There is a largely invisible extra branch of the federal government which employs thousands of persons, spends billions of taxpayer dollars, and which most Americans know very little about. Consultants and private contractors, in staggering and growing demand in Washington, have assumed so much of the work load in some federal departments and agencies that some members of Congress are concerned that these "hired helpers" actually seem to be running the government -- or, at least, key aspects of it.
Congressional testimony into what is coming to be recognized as a major problem on Capitol Hill disclosed, for instance, that 87 percent of the Department of Energy's $11 billion budget goes to outside consultants and contractors who, researchers say, are performing most of the department's basic work.
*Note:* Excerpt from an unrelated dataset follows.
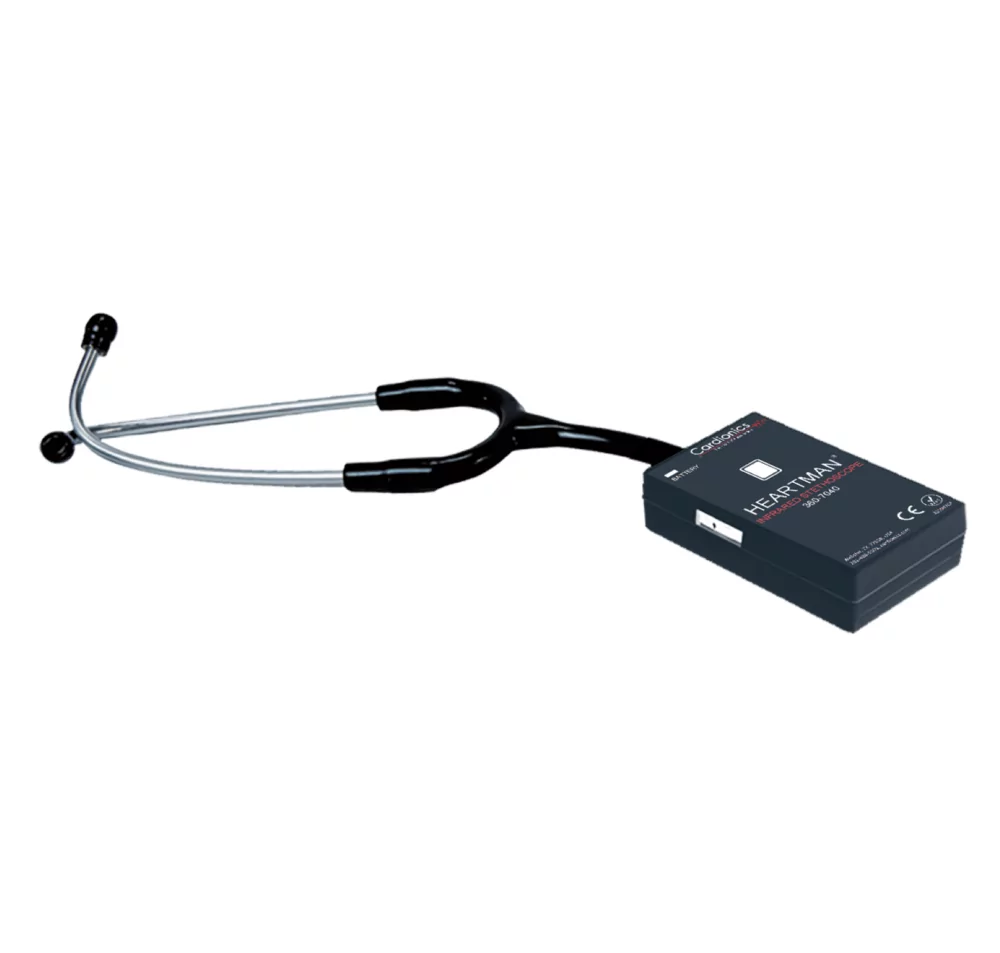 HeartMan® Infrared Headphone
Moreover, witnesses before joint Senate and House hearings testified that the Energy Department, with a staff of 21,000 workers of its own, has 10 times as many outsiders under contract -- 200,000 workers under 4,000 contracts.
The widespread use of consultants is hardly unique to the Energy Department. All across the board federal officials under budget pressure to hold down the size of their staffs have turned increasingly to private contractors for all sorts of research. Such agencies as the Transportation Department, the Labor Department, the Health and Human Services Department, and the Interstate Commerce Commission rely so heavily on nongovernment employees that some congressmen charge this has led to basic changes in the way the government operates. In some instances, they say, the proliferation of contracts seems to have left little for federal employees to do.
One of the most disturbing aspects of this trend is that private contractors are not held publicly accountable. They are not subject to the public disclosure provisions of the Freedom of Information Act as are civil servants. In those cases where an oil company, say, is hired to do independent research on a pollution or gasohol topic in which it has a vital economic stake, there is no law that requires the company to verify for Congress or the public that the research was not designed to serve the firm's own private interests. Conflicts of interest have been alleged in connection with a number of recent Department of Energy studies in particular. The DOE, unlike some other departments, does in fact require firms to report potential conflicts of interest but no follow-up investigation when those conflicts are present is required.
The Consultant Reform Act introduced in both houses of Congress this week would remedy such abuses by requiring federal agencies to maintain and produce for the public and Congress basic information on all contracts. (Surprisingly, record-keeping in some agencies was found to be so poor that officials could not produce copies of many contracts. In some instances contractors had even been hired to handle the awarding and dispersal of contracts to other firms and to write up their own contract assignments.) The act would close loopholes in the Freedom of Information Act that allows government contractors to keep their work confidential. And it would require public disclosure of any conflicts of interest in consulting firms.
Although the act fails to provide federal departments with guidelines for limiting the number of contracts and consultants, it would mandate that the information paid for by taxpayers be made available to the public. Federal agency heads themselves should exhibit greater restraint in using contractors to do work their own employees are capable of doing. At the very least, the public should be apprised of how this burgeoning arm of government works.